--- Data supplied ---

━━━━━━━━━━━━━━━━

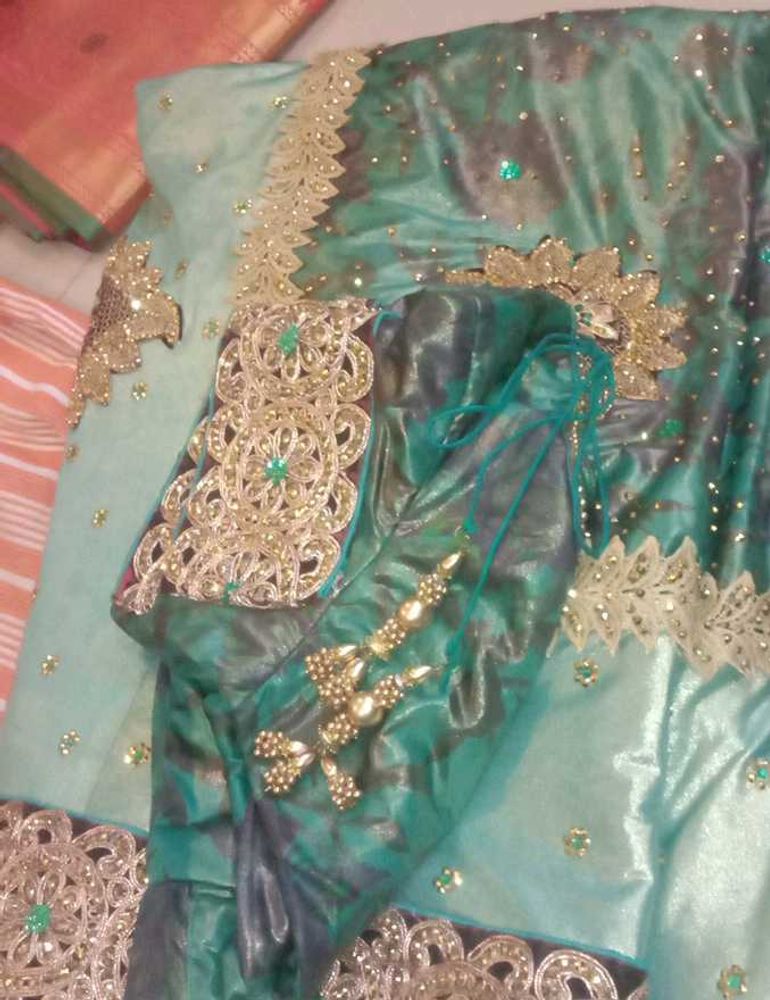 Teal &amp; Gold Embellished Saree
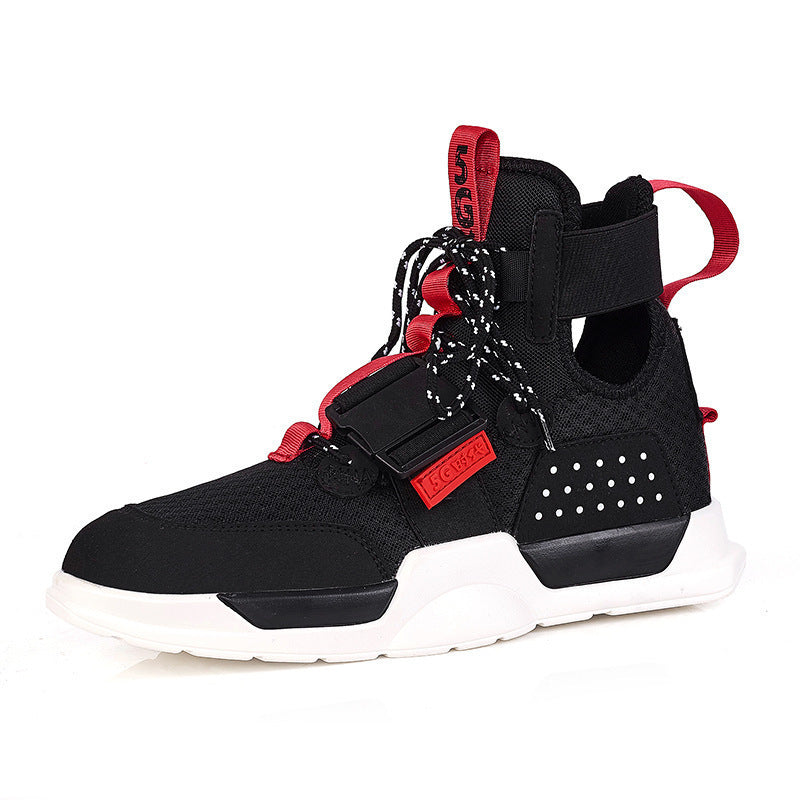 Dames sportieve hoge sneakers met verstelbare banden – Zwart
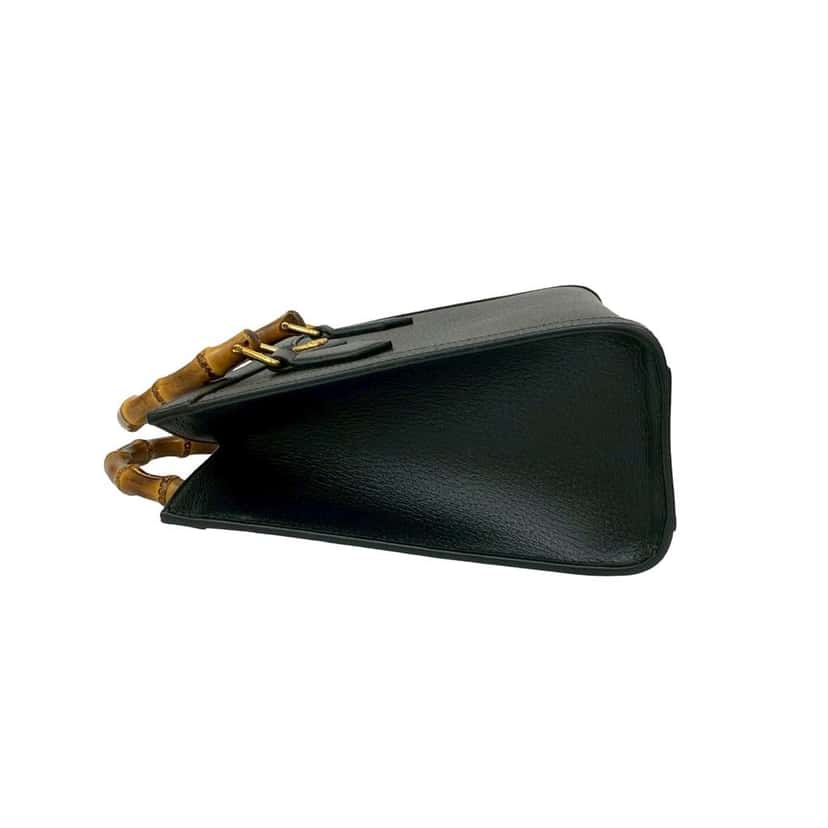 Gucci Small Leather Bamboo Diana Satchel Black Leather Good condition - Box View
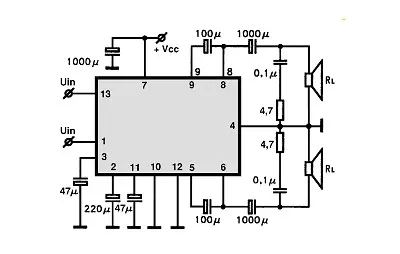 LA4446 electronic component with associated schematic circuit diagram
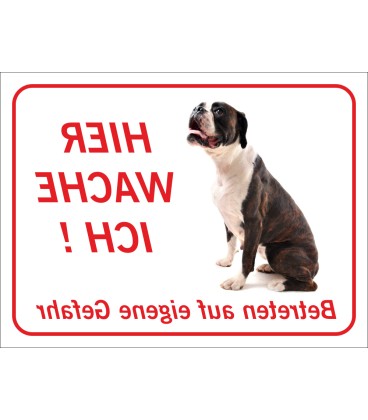 Boxer "Hier wache ich"-Aufkleber (rot)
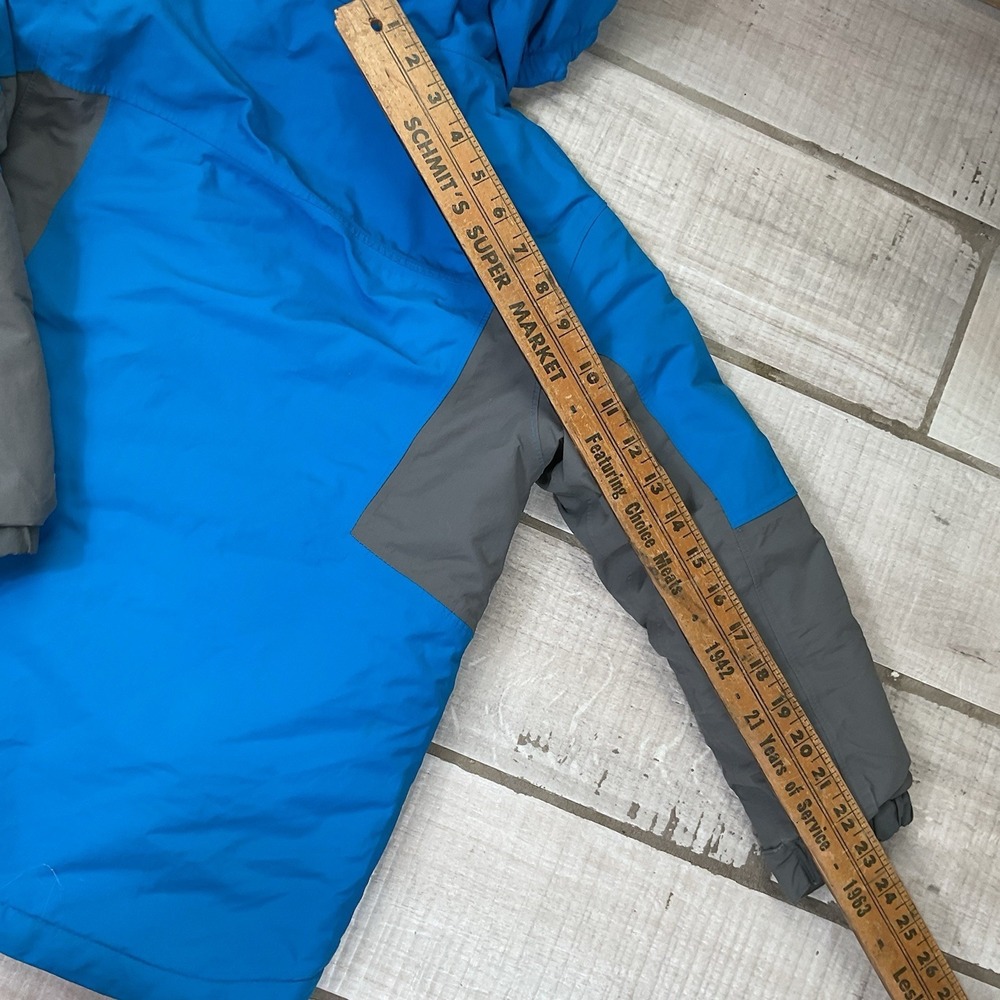 Lands' End Insulated Squall Hooded Winter Coat Jacket Kids Large Blue Gray - Picture 5 of 7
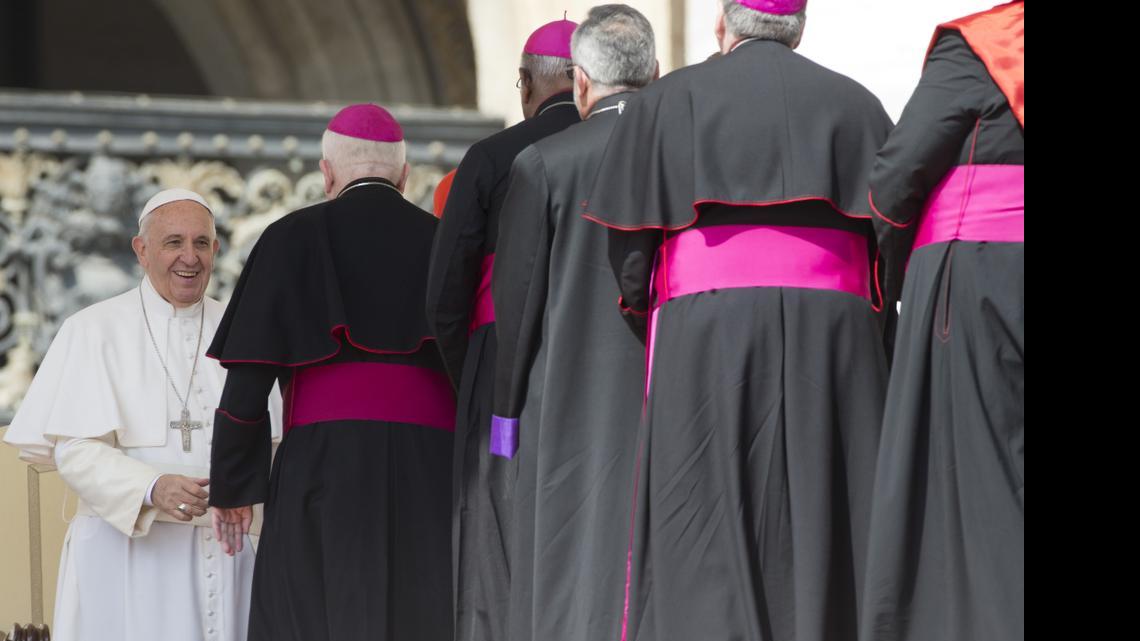 
Pope Francis, left, greets cardinals and bishops at the end of his weekly general audience, in St. Peter's Square, at the Vatican, April 15, 2015.

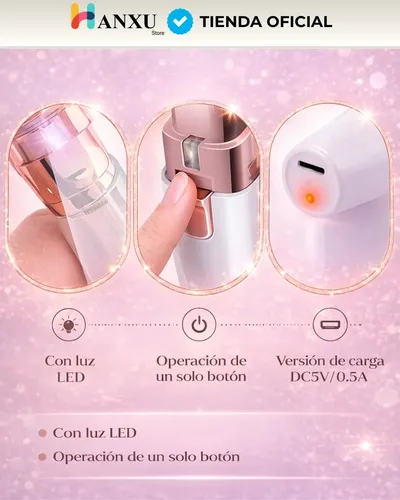Depilador Facial Vello Corporal Luz Recargable 2 En 1 Mujer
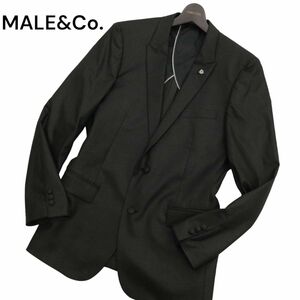 美品★ MALE&Co. タカキュー 通年 ラペルピン 背抜き 2B テーラード ジャケット Sz.L　メンズ グレー　C4T01725_2#O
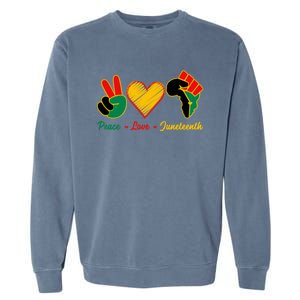 Peace Love Juneteenth Pride Black Girl Black Queen & King Garment-Dyed Sweatshirt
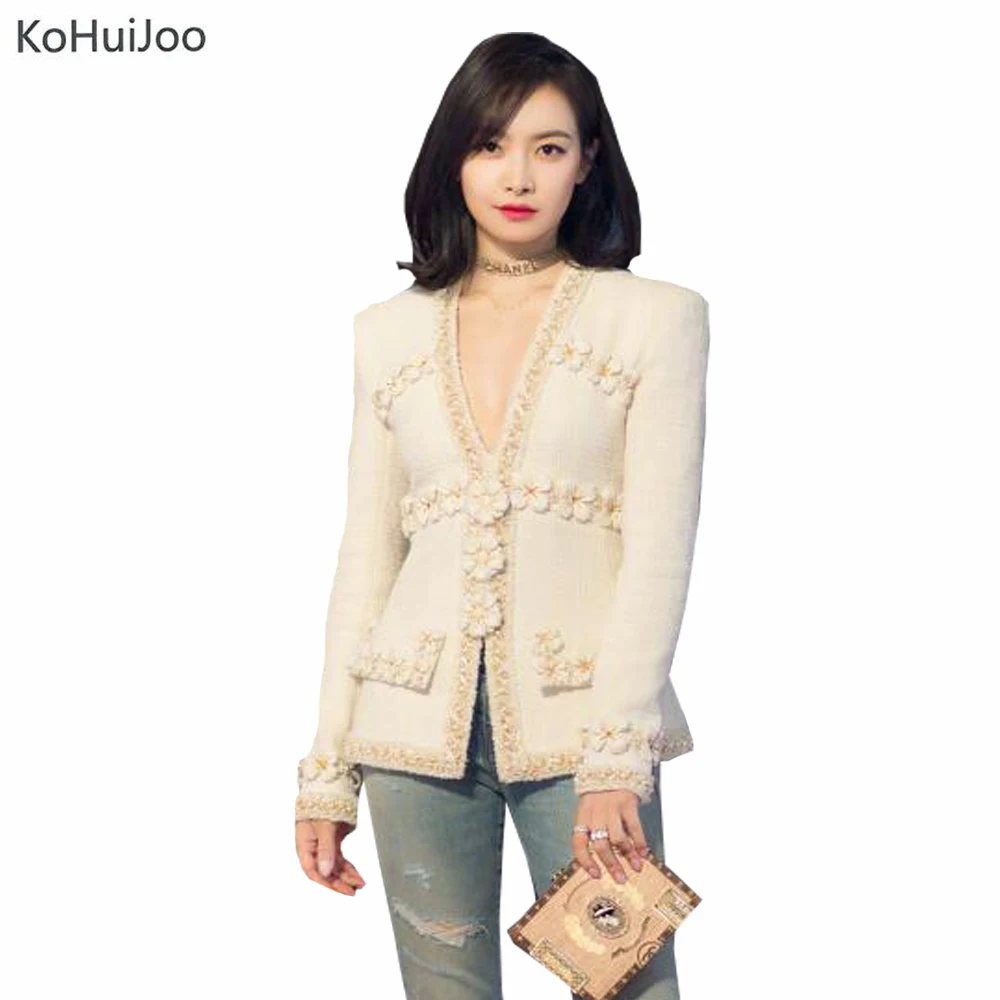 

KoHuiJoo Autumn Winter Women Tweed Jacket Coat Slim Korea Style Floral Elegant Wool Coats Female Especially Jackets Beige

━━━━━━━━━━━━━━━━

--- Task directions ---
With the pictures left out, transcribe exactly the lines from the line holding "Peace Love Juneteenth" through the closing line of the entries.

--- Response box ---
 Peace Love Juneteenth Pride Black Girl Black Queen & King Garment-Dyed Sweatshirt

KoHuiJoo Autumn Winter Women Tweed Jacket Coat Slim Korea Style Floral Elegant Wool Coats Female Especially Jackets Beige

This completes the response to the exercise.